A mais recente rodada do Campeonato Espanhol, realizada de sexta-feira (2) a segunda-feira (5), contou na tabela com o clássico madrilenho, Real x Atlético.
O duelo entre o líder (Real) e o quarto colocado, no domingo, deveria ser o centro das atenções na cobertura dos meios de comunicação.
O 1 a 1 no Santiago Bernabéu, com o Atlético empatando nos acréscimos do segundo tempo, até foi, por determinado período.
Isso até a realização, na segunda, do pouco atrativo Rayo Vallecano x Sevilla, times que ocupam a parte de baixo da tabela.
Também em Madri, essa partida, 2 a 1 para o visitante na arena para 15 mil torcedores em que o Rayo manda seus jogos, tomou para si os holofotes.
Não devido à brilhante atuação de um atleta. Sim devido ao que ocorreu com um atleta.
Em alguns setores do no estádio de Vallecas, a torcida fica muito perto do gramado. Tão perto que é possível para quem está na primeira fila ter contato físico com o jogador, se assim desejar, caso ele se aproxime.
Não tinha acontecido até então. Porém aconteceu. E o jeito como aconteceu provocou reações de revolta.
Aos 32 minutos do primeiro tempo, o argentino Lucas Ocampos, 29, atacante do Sevilla que atua pelas pontas, preparava-se para cobrar um arremesso lateral.
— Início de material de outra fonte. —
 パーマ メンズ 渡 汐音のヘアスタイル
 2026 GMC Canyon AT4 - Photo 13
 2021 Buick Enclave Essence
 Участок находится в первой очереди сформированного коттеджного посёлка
Nesse momento, estava a um braço de distância de torcedores do Rayo, sentados às suas costas.
Então ocorreu o inesperado. Um deles, de aparência jovem, esticou a mão esquerda e com um dos dedos cutucou as nádegas de Ocampos. Um gesto vil, asqueroso, obsceno.
O ato durou dois segundos e foi suficiente para causar indignação no jogador, que se virou para o provocador.
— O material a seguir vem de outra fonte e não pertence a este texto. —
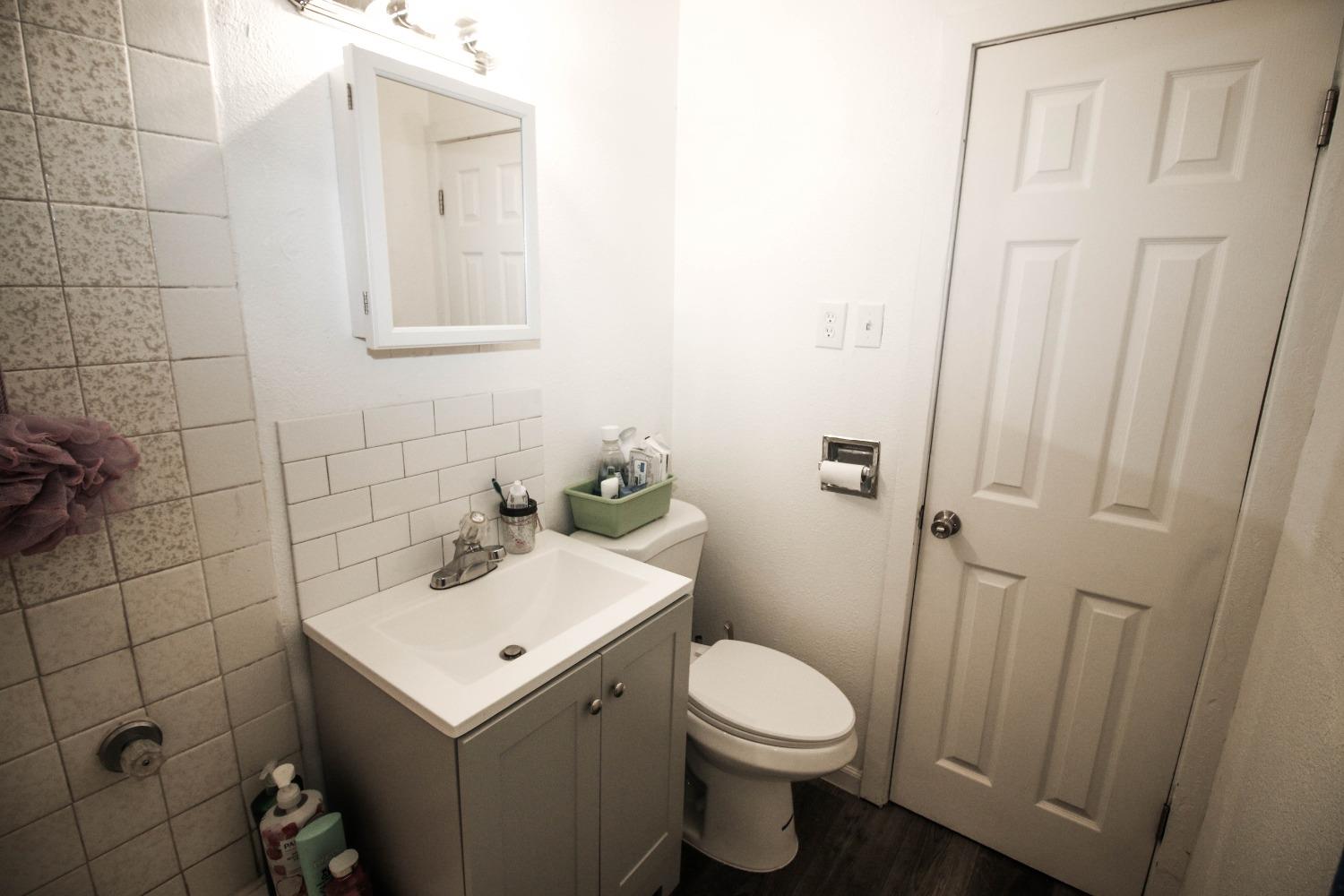 Detail Gallery Image 21 of 27 For 885 Grand Ave, Olivehurst,  CA 95961 - 2 Beds | 1 Baths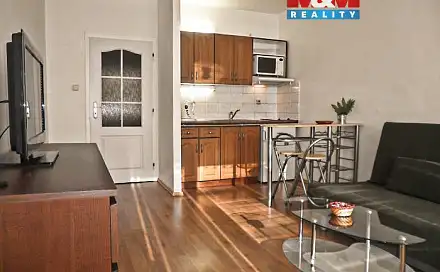 Pronájem bytu 1+kk 28 m²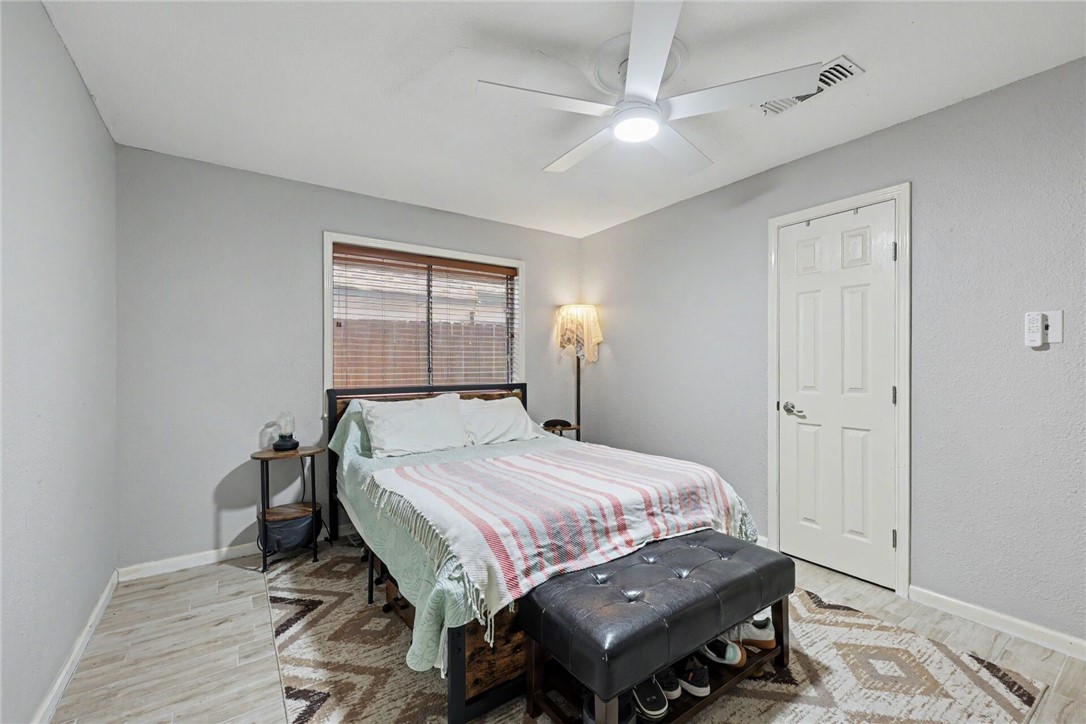 3230 Laguna Shores Corpus Christi TX 78418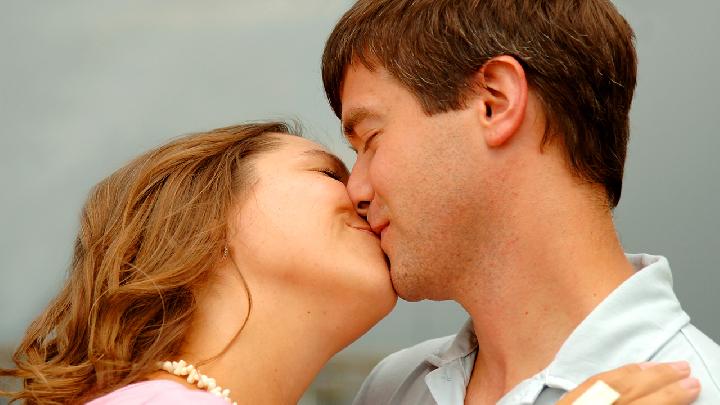 夫妻生活如何才能更加美满幸福 6种肢体语言让夫妻更加幸福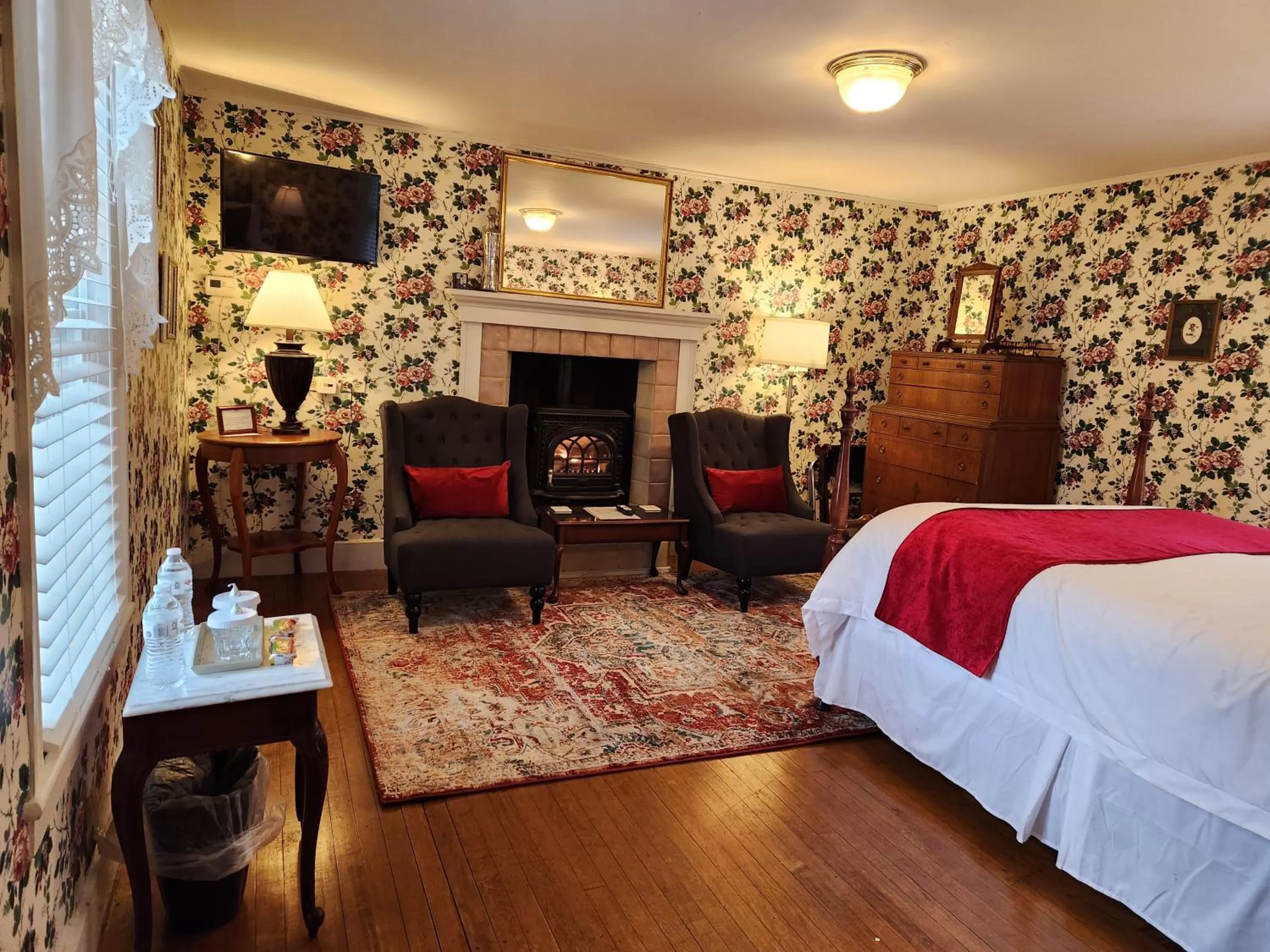 Bed in Blackberry Inn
A cerca de dois metros do argentino, um segurança, sentado de frente para a torcida, olhou para a cena e não se moveu, como se pensasse: “Não é comigo”.
Simultaneamente, vários torcedores do Rayo que estavam no setor e viram o ocorrido riam e/ou filmavam com celular.
Eis o problema número um, de mentalidade das pessoas: considerar um ato repugnante e desprezível uma brincadeira, algo digno de gozação. O que deveria ser condenado por ser deplorável ganha aprovação.
Em notas, tanto Rayo como Sevilla condenaram o comportamento do torcedor.
Ocampos disse depois do jogo que se conteve para não revidar fisicamente.
“Sempre há um tonto [na torcida], e me segurei porque tenho duas filhas, espero que isso nunca aconteça com elas. Que a Liga leve isso a sério, como a questão do racismo. Que tomem as providências que tenham que tomar.”
Em comunicado, LaLiga, que organiza o campeonato, informou que faria denúncia à Procuradoria de Menores, já que se trata de um caso envolvendo um adolescente –já identificado pela polícia– que ainda não atingiu a maioridade.
Assim, o que pode ser feito legalmente deverá ser feito.
Resta o problema número dois, que vale não só para o estádio em que atua o Rayo mas para qualquer outro em que o público fique próximo demais do campo: a segurança dos jogadores.
Ocampos foi incomodado pelo dedo de um torcedor adversário. Mas, conforme expôs Alberto R. Barbero no diário Marca, no texto intitulado “Não é um gesto, é uma agressão”, poderia ter sido atingido por mais que um dedo.
“O que aconteceu poderia ter acontecido em qualquer outro momento e em qualquer outro lugar. O corpo de Ocampos estava ao alcance de qualquer objeto que pudesse servir como arma”, escreveu o articulista, duvidando da eficácia da revista nos estádios espanhóis.
Esse problema, o segundo, cabe às autoridades esportivas resolver. De forma simples, basta impedir que torcedores ocupem os lugares mais próximos do gramado e, simultaneamente, ampliar a quantidade de seguranças que os vigiam.
O primeiro problema, o da mentalidade, é mais complicado. Envolve educação comportamental, bons modos. Que se aprendem em casa e na escola.
Sem os valores adequados, que impediriam que passasse pela cabeça de qualquer pessoa uma atitude repulsiva como a cometida contra Ocampos, a sociedade não avança em dignidade. Tolera o intolerável. Apequena-se moralmente.
O menor de idade em questão errou, feio, e tem que servir de exemplo a outros jovens (ou velhos) do que não se pode fazer. Dedo em riste para ele.
Que frequente aula de boas maneiras, para aprender que não se toca alguém sem consentimento, muito menos com uma dedada.
E que seja afastado por um tempo considerável dos estádios para que, ao voltar, esteja ciente de que estará lá para torcer, nada além disso.